Another interesting service of that nature is healthmap.org. Now, healthmap.org is a website that was originally a research project. But what they do is they actually go in and collect all of these different news articles on the web, and consume them and look for outbreaks. So viruses, diseases, things like that. And where are those news articles are actually being written and try to geo locate those outbreaks on on a map in order to track disease outbreaks. Take a look at this. This is also so mapping, taking things like news articles, and trying to map them on a geolocation. This is called the thematic mapping. As I mentioned, this site tracks disease outbreaks mentioned online by location and provides a map showing the current outbreaks it costs the crunchy. And you can also look around the world a little bit as well, I’m just showing a screenshot here of the US. But this screenshot here was back in 2015, when we had a big outbreak of the bird flu. And so you can kind of see, for example, here, these are articles written in Leavenworth County, that identified an outbreak of bird flu in that region. As you can see, the color and the size of the dots kind of indicate the the size of that outbreak and severity of that outbreak. And we can even compare that to current events with the COVID-19 crisis, where we can see a lot of different dots across the US and certain regions and areas that have higher concentrations of COVID-19 cases that have been reported in the news.

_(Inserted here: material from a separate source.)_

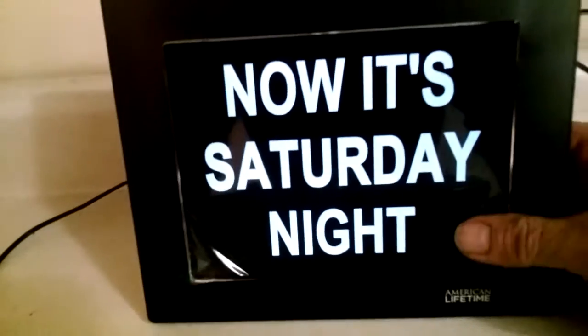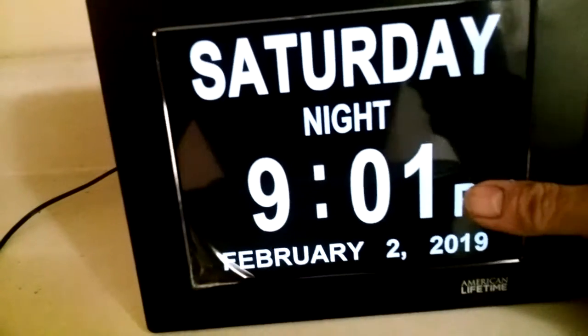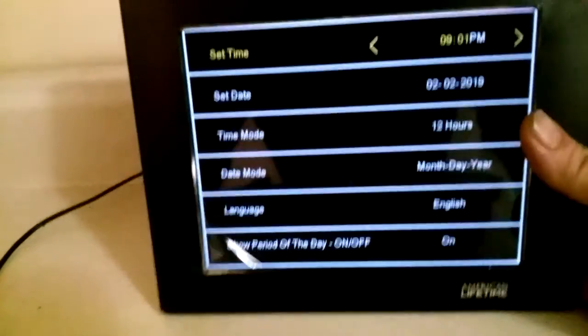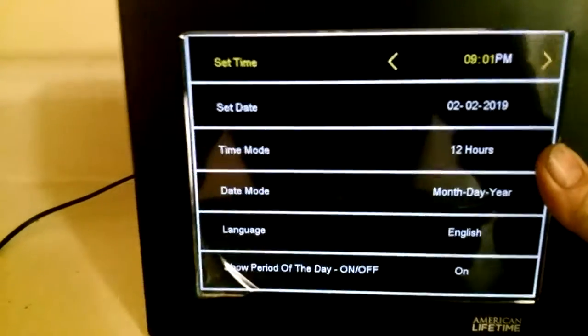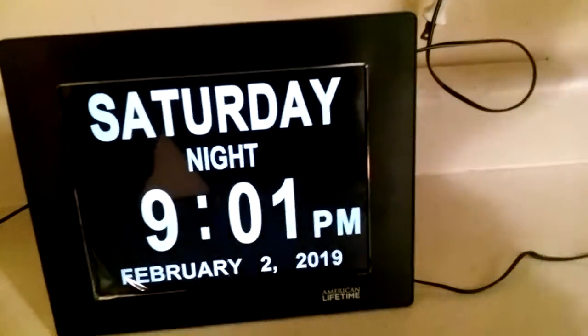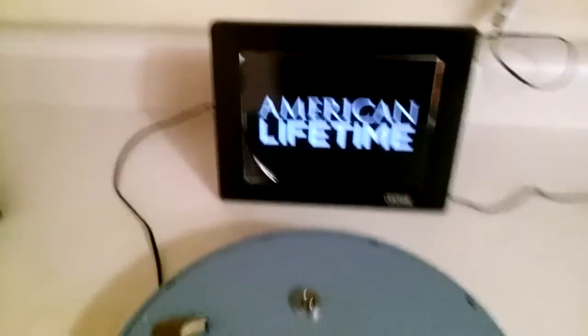There are a couple of little options you can set with a button in the back. The menu is real easy to set - there's the menu where you can change 24-hour format and all that. It keeps the time when the power is out, but you don't plug it in - I'm not sure which port is which - and it doesn't stay on. It's got a little watch battery.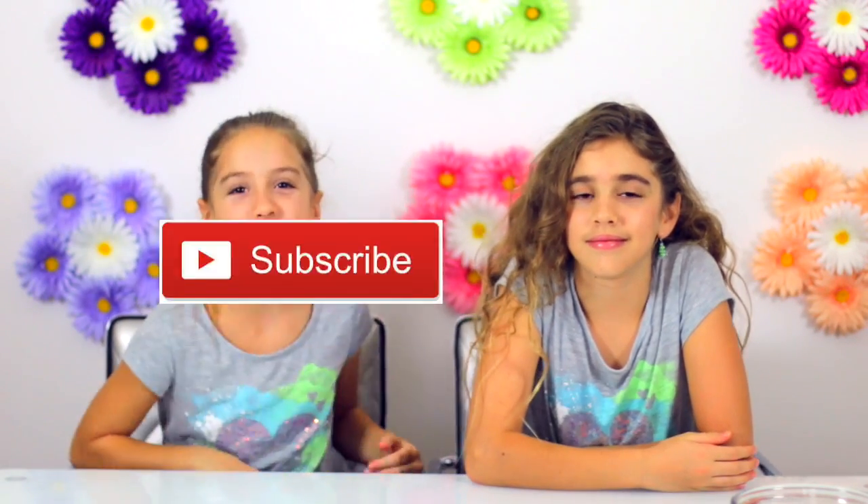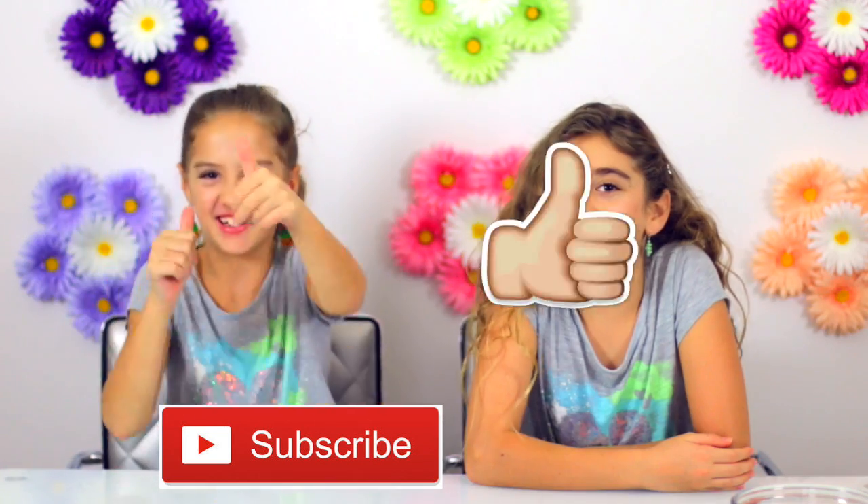Before we get started, remember to hit that subscribe button and click the thumbs up. Let's get started!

So this is a really interesting way to consume news articles in order to track outbreaks of diseases. There’s also been very similar use cases of thematic mapping with Twitter data, specifically Twitter data with tracking the impacts of natural disasters as well. So things like hurricanes, tornadoes, and things and earthquakes and things like that. There’s a lot of different uses of big data as you can imagine. And we’ve only shown a different a couple different ones. A lot of the big topics are listed here, though, with things like topic modeling, where we can analyze text of an article for an for an example to determine what is talking about. So I’m given three articles. One of them is about a sports game. One of them’s about a sports video game, and one of them is about a sports movie. How can a computer to tell the difference between the different topics, right? They’re all about sports. But how do we write an algorithm to determine which article is about the video game, which one is about the actual sport game, and which one is about about the movie. So there’s a lot of different situations that topic modeling can help us solve and actually teaching computers to actually recognize a section of text and what that section of text is actually about because we’re computer understanding natural language Whether it be written, or spoken like natural language processing as extreme and as an extremely difficult task. So that’s what NLP or natural language processing is actually trying to accomplish here out as a computer understand spoken words. We’ve already talked about the analytics and data forecasting.

Now that’s things like the Google Trends, sentiment analysis, and crowdsourcing. We’ve talked about that all as well. So is your brand getting good reviews? Right? How do we tell if a comment or a tweet is positive or negative? Can you? Can you use that to figure out what the problem is? So a lot of companies are really great at using this, others probably not so much. A lot of things with big data are reduced down into information visualization, as well. So how do you make sense of this large amount of data? One way is to visualize it so people can easily understand it. And this isn’t like making a simple xy chart, or graph in algebra or even using Excel. These are large amounts of information. So how do we transform that into a visualization that makes sense and allows us to extract the information that we need out of it, or the interesting information that that is that exists in it. And we’ve also already talked about thematic mapping, where we can map out data items by location or even geolocation and across time to understand what’s going on in the world around us.